San Francisco is My Home

San Francisco is My Home

14
Nov

Tartine


I had a minor professional setback this morning and spent a couple of hours scrambling around in fix-it mode. By the time I left the house to meet a friend at Tartine, I was walking under a little cloud of self-absorbed gloom, which the brilliant blue November sky, the flowers bursting out everywhere and the balmy weather did nothing to dispel.

Then I got to Tartine, and remembered why I love being a freelance writer so much. It’s because weekdays are the only time you can possibly get a seat at this toothsome little bakery, which is always full of people and often has a line reaching out the door.

Today I got there before my friend and ordered coffee for me, a cappuccino for her, a pain au chocolat and a slice of almond lemon pound cake, fortunately scoring two seats at a communal table by the door. I draped my sweater over one seat and put the drink and pastry in front of it, then sat down in the other. After about ten minutes I realized that I looked like a little girl giving a tea party to my imaginary friend.

My imaginary Harvey and I sat watching the room, which, being shy, I don’t often do.
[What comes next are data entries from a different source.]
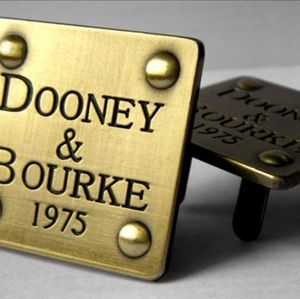 ❤❤❤RESERVED FOR RAYLENA❤❤❤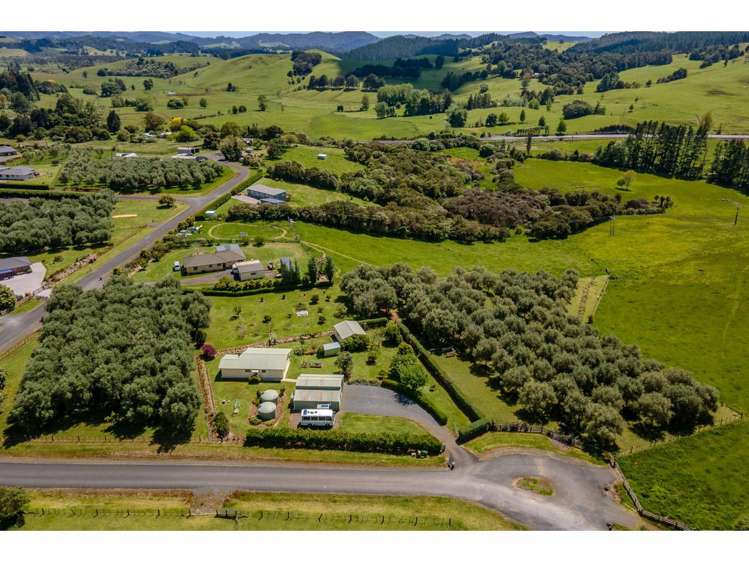 11 Parkland Drive, Pakaraka Kerikeri_14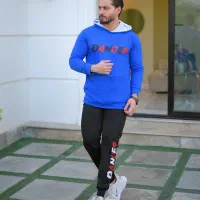 ست ورزشی پرداخت درب منزل با هزینه پست 598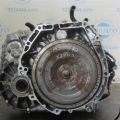 20021-RDS-030 | АКПП ACURA TLX 14-17
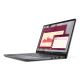 3. DELL Pro 14 PC14250 Intel Core 5 120U Laptop 35,6 cm (14") Full HD+ 16 GB DDR5-SDRAM 512 GB SSD Wi-Fi 6E (802.11ax) Windows 11 Pro Czarny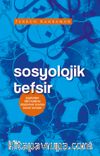 Sosyolojik Tefsir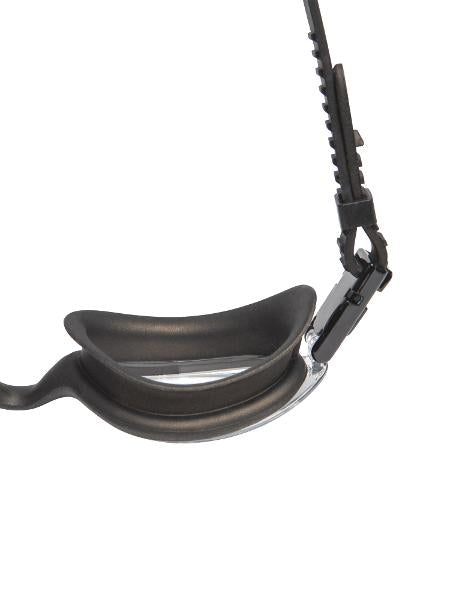 Orca Swim Goggles & Masks Killa 180º Swimming Goggles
But there’s something about Tartine that relaxes me. Probably it’s the steamy bakery smell that wanders around crawling up people’s noses, and is so sweet that you don’t even mind how many other noses it was in before it got to yours.

And speaking of sweet…not everyone understands the art of making pain au choclat (or chocolate croissants, if you are not all pretentious like I am), but Tartine understands. The croissant is huge and flat and flaky, and filled all the way through — not just in one tiny strip — with gooey, perfect chocolate. And Tartine is the kind of place where you can turn to your neighbor and ask if you’ve got chocolate on your face, even if he’s eyeing your imaginary friend and, increasingly, you, with a raised eyebrow and a kind of worried expression, wondering whether you’re so crazy he’ll have to change seats.

This is not a place where you can kick back for a couple of hours and advance your novel or read the paper, but if you want to sit for 40 minutes or so — and you come during the day on a weekday — it’s perfect. On a weekend, come for the food, by all means, and since you won’t get a seat, take your bakery bag and your coffee one block to Dolores Park, where you can watch the golden retrievers bounding around and cheerfully get chocolate all over your face.